══ PROVIDED ENTRIES ══

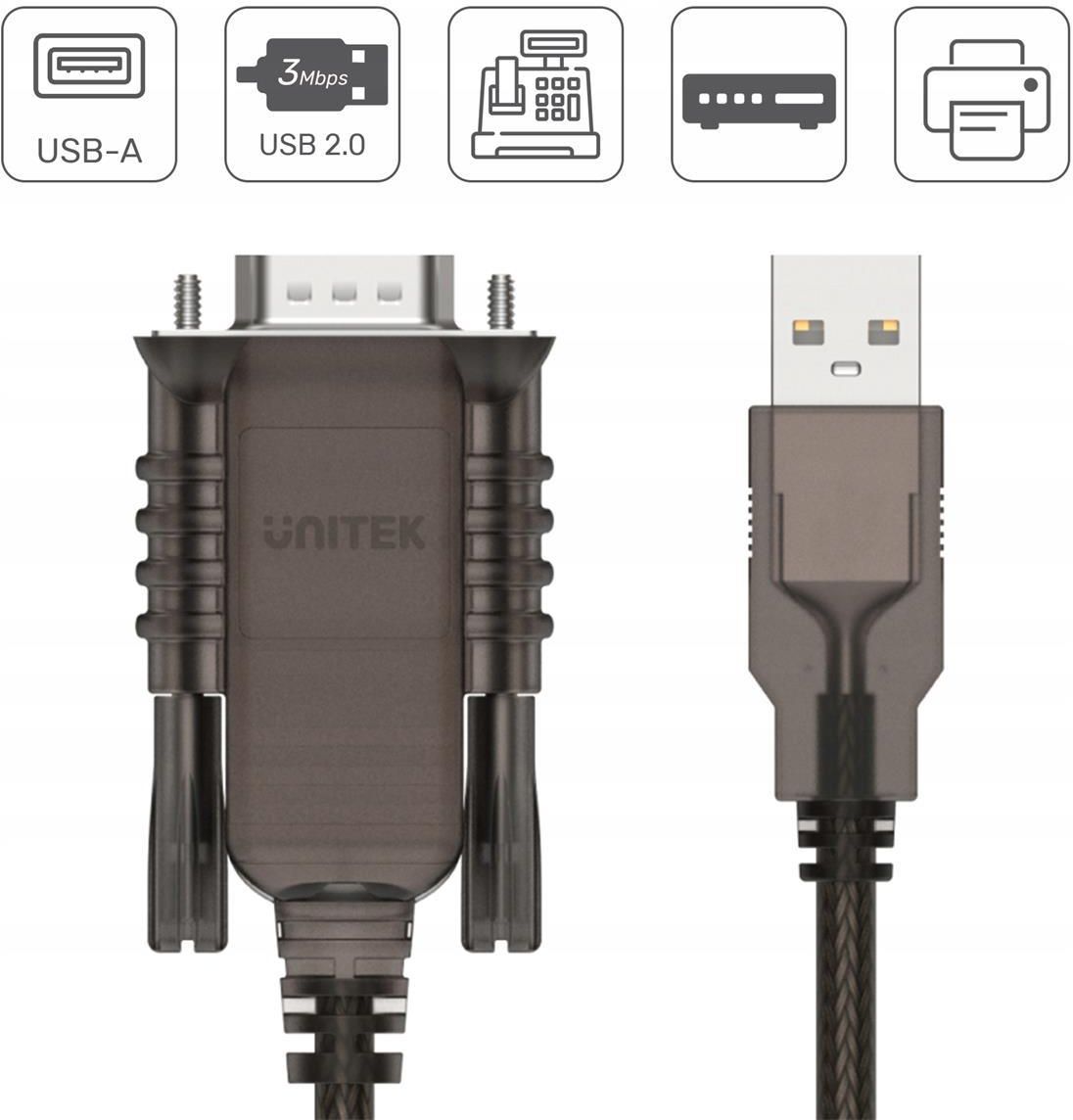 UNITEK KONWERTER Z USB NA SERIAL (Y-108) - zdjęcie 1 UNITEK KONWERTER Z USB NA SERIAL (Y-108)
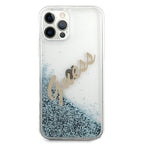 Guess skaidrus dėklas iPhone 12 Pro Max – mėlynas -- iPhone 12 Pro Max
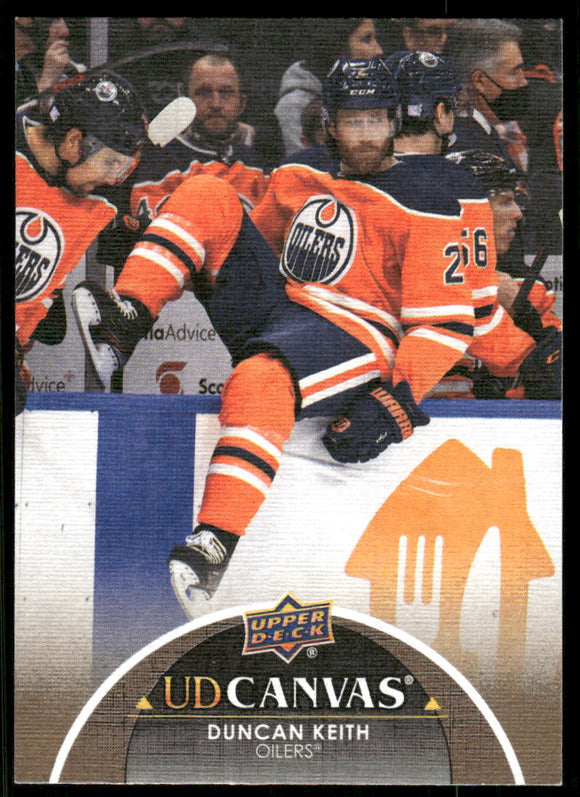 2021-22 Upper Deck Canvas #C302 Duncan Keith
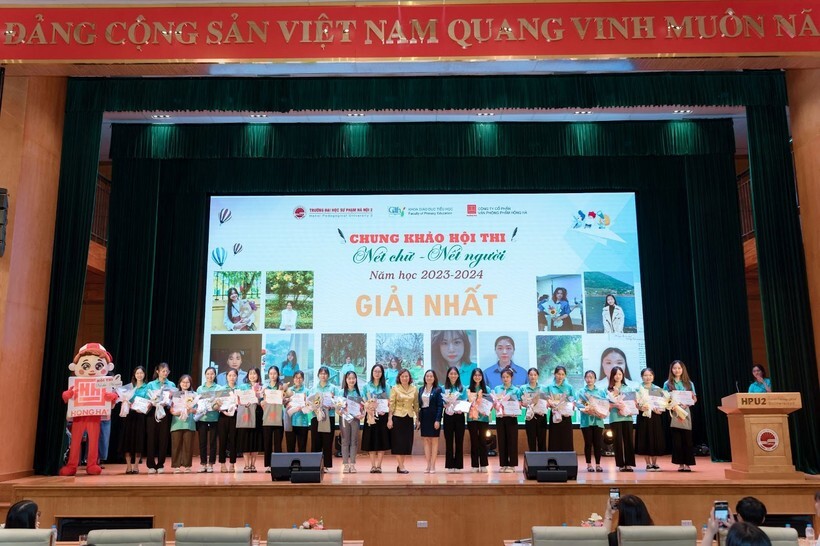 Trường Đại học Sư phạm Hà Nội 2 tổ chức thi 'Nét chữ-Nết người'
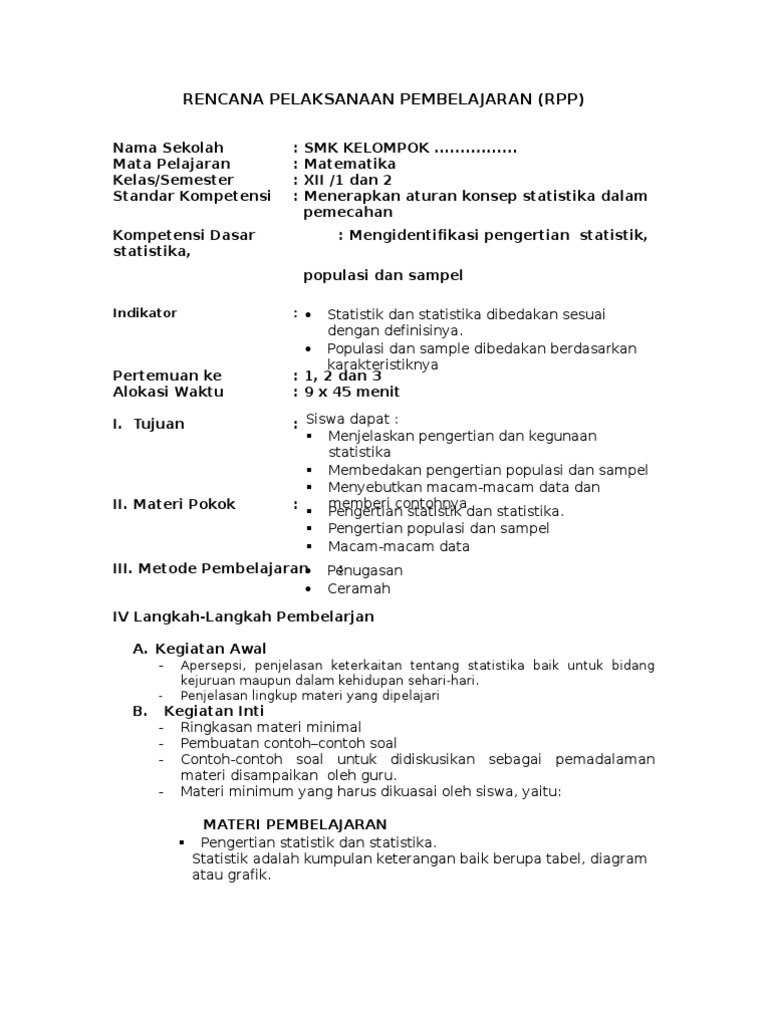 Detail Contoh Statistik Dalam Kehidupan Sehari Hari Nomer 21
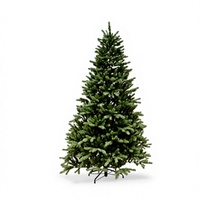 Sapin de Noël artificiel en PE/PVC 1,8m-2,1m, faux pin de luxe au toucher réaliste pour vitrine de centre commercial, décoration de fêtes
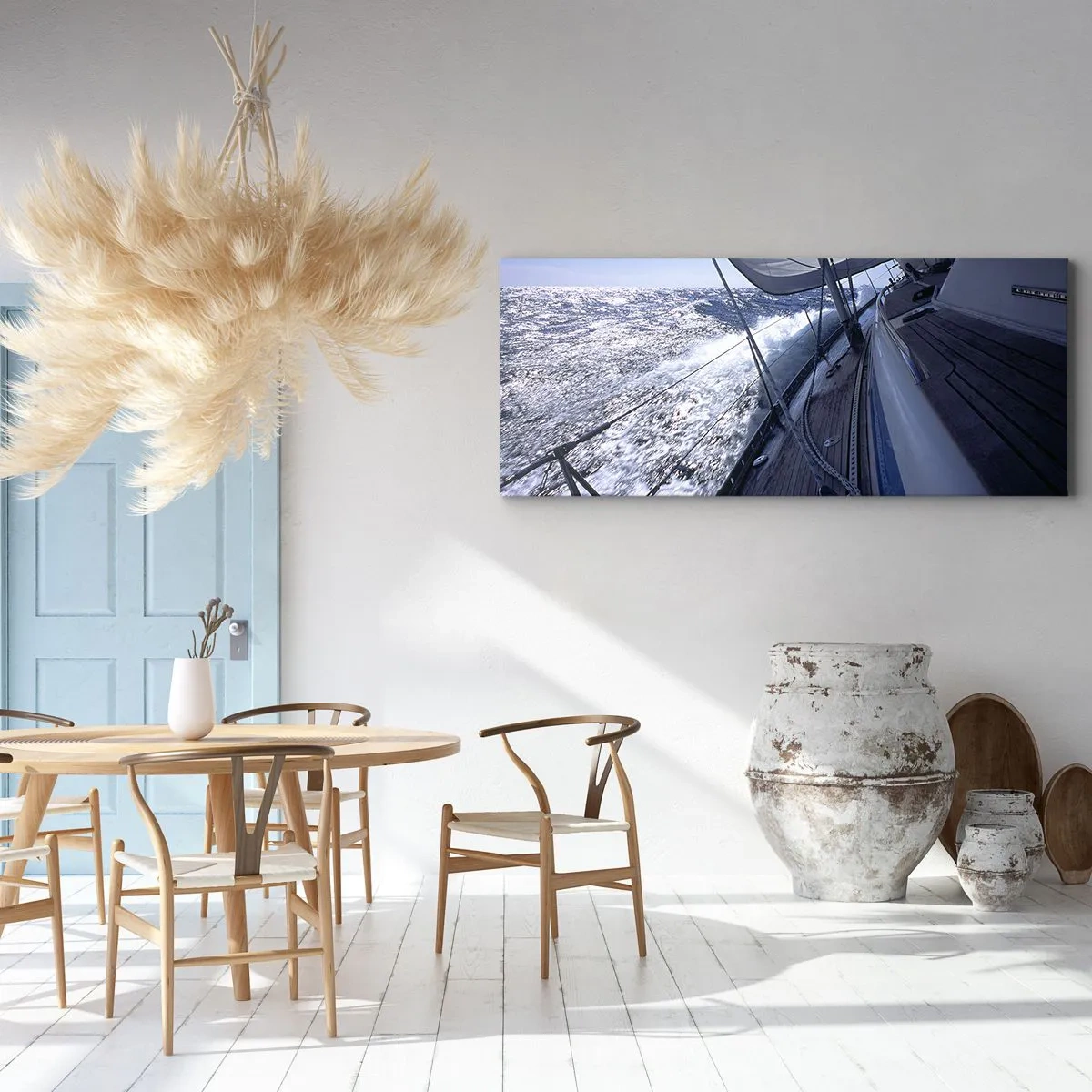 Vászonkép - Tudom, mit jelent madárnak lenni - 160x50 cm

═══

(BRIEF): With pictures omitted, restate word for word every line above from the one containing "Sapin de Noël" to the end of the entries.

(REPLY):
 Sapin de Noël artificiel en PE/PVC 1,8m-2,1m, faux pin de luxe au toucher réaliste pour vitrine de centre commercial, décoration de fêtes
 Vászonkép - Tudom, mit jelent madárnak lenni - 160x50 cm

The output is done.